“那就好,”舒敏拍了拍碧玺的肩头,“进去罢,表现正常一些,莫要叫旁人看出来。”
碧玺点点头,随即跟着舒敏入了静安堂。
午宴过后,宾客纷纷出府。
舒镇安将萧恪送出府门,直至他驾马离去之后,回到内宅时已面沉如水。
管家听舒镇安的吩咐去静安堂将言氏请回东苑,前脚踏入正厅,言氏还未站定,舒镇安隐含怒气的声音已传了过来,“夫人,怎么回事?我不是早已叮嘱你,让敏儿与萧恪今日见面么?为何出现的会是舒晴?”

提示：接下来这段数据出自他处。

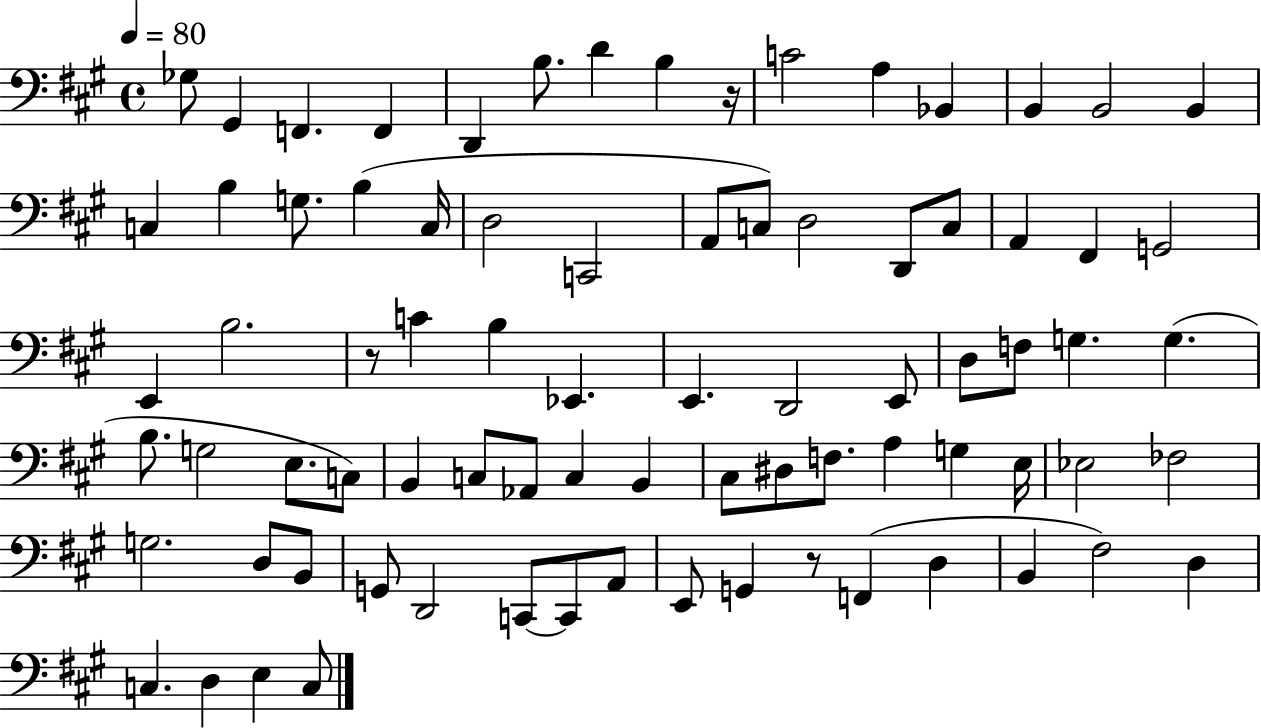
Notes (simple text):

Gb3/e G#2/q F2/q. F2/q D2/q B3/e. D4/q B3/q R/s C4/h A3/q Bb2/q B2/q B2/h B2/q C3/q B3/q G3/e. B3/q C3/s D3/h C2/h A2/e C3/e D3/h D2/e C3/e A2/q F#2/q G2/h E2/q B3/h. R/e C4/q B3/q Eb2/q. E2/q. D2/h E2/e D3/e F3/e G3/q. G3/q. B3/e. G3/h E3/e. C3/e B2/q C3/e Ab2/e C3/q B2/q C#3/e D#3/e F3/e. A3/q G3/q E3/s Eb3/h FES3/h G3/h. D3/e B2/e G2/e D2/h C2/e C2/e A2/e E2/e G2/q R/e F2/q D3/q B2/q F#3/h D3/q C3/q. D3/q E3/q C3/e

言氏怔了片刻,才想起舒镇安叮嘱之言,面色微变,又听舒镇安说出现的是舒晴,终于明白今日她玉佩被盗一事的不对劲从何而来。
见舒镇安满脸愠色,言氏低眉垂眼的将静安堂内玉佩被盗一事一五一十的仔细说来。
舒镇安默默听着,怒气更甚,突然拾起身边案几上的青瓷茶盏猛掷于地上。
“好啊!日防夜防,想不到有朝一日竟是家贼难防!”
言氏被舒镇安周身愠怒的气势镇住,一时连大气都不敢出!
舒镇安静默良久,终是从主位起身,越过言氏抬脚就要出门。